**TASK BRIEF:**
Lines with the word "Faux" are the ones wanted. Copy each of them from the entries below.

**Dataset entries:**
****************

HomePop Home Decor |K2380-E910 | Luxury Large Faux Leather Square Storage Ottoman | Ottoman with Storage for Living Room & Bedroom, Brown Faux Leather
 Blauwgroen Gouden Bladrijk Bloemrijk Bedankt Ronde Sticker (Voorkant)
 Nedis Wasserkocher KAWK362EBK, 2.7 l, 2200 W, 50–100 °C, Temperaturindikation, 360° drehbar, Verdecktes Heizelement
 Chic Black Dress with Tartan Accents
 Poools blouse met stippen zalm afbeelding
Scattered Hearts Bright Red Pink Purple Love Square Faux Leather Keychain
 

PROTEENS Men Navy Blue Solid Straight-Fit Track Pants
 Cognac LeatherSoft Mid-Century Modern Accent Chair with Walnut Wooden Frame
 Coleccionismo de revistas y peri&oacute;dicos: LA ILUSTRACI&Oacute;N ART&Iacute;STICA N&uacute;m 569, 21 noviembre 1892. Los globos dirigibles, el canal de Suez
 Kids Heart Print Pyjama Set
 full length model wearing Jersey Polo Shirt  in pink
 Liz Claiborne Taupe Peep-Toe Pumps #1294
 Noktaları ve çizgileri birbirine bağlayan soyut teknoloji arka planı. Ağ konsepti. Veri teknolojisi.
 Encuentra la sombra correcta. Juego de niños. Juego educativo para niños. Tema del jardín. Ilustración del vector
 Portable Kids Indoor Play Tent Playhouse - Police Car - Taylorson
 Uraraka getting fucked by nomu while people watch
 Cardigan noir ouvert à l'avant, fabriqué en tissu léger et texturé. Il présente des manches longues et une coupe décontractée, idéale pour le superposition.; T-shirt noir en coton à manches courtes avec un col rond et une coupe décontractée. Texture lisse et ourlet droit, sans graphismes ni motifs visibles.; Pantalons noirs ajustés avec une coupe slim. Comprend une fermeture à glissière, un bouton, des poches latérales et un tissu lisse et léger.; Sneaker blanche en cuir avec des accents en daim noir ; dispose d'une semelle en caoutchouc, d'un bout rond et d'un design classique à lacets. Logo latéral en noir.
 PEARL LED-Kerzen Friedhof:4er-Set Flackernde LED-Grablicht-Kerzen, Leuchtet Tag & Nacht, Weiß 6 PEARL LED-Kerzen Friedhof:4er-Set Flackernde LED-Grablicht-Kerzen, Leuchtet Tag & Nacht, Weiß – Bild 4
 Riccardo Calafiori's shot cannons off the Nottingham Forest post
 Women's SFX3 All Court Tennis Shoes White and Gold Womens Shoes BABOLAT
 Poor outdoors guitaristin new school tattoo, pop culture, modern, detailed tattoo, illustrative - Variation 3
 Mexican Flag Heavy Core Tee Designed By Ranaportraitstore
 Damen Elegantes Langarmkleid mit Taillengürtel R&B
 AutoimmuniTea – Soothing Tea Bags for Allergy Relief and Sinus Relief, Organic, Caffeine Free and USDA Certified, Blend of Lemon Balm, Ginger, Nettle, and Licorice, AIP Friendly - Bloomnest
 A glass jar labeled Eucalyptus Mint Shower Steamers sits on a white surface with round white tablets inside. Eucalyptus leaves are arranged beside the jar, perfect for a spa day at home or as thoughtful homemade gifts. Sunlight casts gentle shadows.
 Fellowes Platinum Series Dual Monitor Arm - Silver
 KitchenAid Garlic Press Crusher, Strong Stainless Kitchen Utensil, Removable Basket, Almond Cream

****************

**SOLUTION TO THE PROBLEM:**
HomePop Home Decor |K2380-E910 | Luxury Large Faux Leather Square Storage Ottoman | Ottoman with Storage for Living Room & Bedroom, Brown Faux Leather
Scattered Hearts Bright Red Pink Purple Love Square Faux Leather Keychain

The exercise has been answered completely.